Female festive costumes, late 19th century

Fragment of embroidered shawl of a bride, silk, gold


Fragment of embroidered kerchief, silk

As a rule, the corner of a kerchief was decorated with large embroidery, a kerchief was fixed under the chin, leaving free corners on shoulders. In the years 1860-80, the most elegant kerchiefs with rich ornamentation appeared.


 The kerchief, gold threads, fabric, Kargopol, 19 century  

 Triangular kerchief, gold threads, fabric, Kargopol, 19 century

 The kerchief, gold threads, Kargopol, 19 century

Attending church, celebration, harvesting – all these required the proper type of feminine head covering.  In 18-19th centuries fashionable costume of a lady or merchant’s wife was incomplete without a flower-patterned shawl or kerchief.


 Merchant's wife in a festive costume, Toropets, 19th century


Fragment of embroidered headscarf, gold, silver threads, silk


Part of embroidered kerchief, silk


 Fragment of embroidered kerchief, silver threads, silk


Fragment of embroidered shawl, silver threads, silk

Makers of scarves and shawls imported new textile and technology to Russia in 18 century.

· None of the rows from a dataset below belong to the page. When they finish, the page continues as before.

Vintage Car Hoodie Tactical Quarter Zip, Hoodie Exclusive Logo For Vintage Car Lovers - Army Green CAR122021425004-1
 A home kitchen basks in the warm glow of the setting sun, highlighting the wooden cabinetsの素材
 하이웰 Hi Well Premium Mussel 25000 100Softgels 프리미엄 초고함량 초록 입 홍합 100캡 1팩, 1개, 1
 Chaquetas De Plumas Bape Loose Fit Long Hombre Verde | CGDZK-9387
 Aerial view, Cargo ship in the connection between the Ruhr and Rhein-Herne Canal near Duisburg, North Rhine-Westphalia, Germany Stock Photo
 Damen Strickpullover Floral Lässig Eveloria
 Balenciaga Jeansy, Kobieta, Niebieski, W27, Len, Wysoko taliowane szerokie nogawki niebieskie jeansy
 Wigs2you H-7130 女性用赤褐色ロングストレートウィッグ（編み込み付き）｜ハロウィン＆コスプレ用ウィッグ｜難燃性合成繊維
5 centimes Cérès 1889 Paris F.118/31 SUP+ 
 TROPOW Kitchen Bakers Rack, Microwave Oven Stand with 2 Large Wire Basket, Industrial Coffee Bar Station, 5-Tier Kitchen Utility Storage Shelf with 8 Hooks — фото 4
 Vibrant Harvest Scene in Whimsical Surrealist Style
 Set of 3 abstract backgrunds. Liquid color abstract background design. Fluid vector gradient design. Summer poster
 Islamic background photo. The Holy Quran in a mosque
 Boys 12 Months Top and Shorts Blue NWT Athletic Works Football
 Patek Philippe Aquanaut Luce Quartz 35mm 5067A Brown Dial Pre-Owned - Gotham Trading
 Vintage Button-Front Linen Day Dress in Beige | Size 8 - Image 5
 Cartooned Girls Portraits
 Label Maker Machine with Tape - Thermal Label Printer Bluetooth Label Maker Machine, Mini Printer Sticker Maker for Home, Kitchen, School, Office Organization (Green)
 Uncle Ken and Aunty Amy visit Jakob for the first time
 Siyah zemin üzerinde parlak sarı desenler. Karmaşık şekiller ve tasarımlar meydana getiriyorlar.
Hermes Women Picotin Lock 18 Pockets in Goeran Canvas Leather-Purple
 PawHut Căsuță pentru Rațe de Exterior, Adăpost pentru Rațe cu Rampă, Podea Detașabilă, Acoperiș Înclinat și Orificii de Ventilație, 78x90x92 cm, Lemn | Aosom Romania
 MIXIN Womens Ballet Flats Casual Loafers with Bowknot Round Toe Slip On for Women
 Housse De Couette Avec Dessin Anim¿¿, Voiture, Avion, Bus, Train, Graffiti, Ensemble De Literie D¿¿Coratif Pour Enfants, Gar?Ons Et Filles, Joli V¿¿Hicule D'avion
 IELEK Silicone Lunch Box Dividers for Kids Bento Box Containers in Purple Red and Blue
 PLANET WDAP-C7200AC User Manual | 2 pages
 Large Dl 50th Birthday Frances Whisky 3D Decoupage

The art of silk weaving from Middle East influenced the textile manufacturing in towns of Kolomna, Vladimir, Toropets, Bogoevlensk.  


  Embroidered bride's shawl, silk


Fragment of embroidered bride's throw, silk

At the beginning of the 19th century, a square scarf appeared, a pattern woven with gold and silver thread replaced the oriental patterns, and a border appeared at the edges. Manufactures in the cities of Zuev, Shchelkovo, Kolomna produced scarves with complex patterns. Brocade kerchiefs and shawls were part of the ceremonial women's attire in the merchants and among wealthy peasants.

Throw, silver threads, 19th century

Fragment of the throw


The evolution of this manufacture from the time of Catherine the Great to elegant modern shawls, throws and kerchiefs is due to the development of the textile industry in the country.

Next post I'll continue showing you beautiful things. 


Click to enlarge photos.



51 comments:

  1. Unfortunately all your comments were deleted due my careless. I'm very sorry.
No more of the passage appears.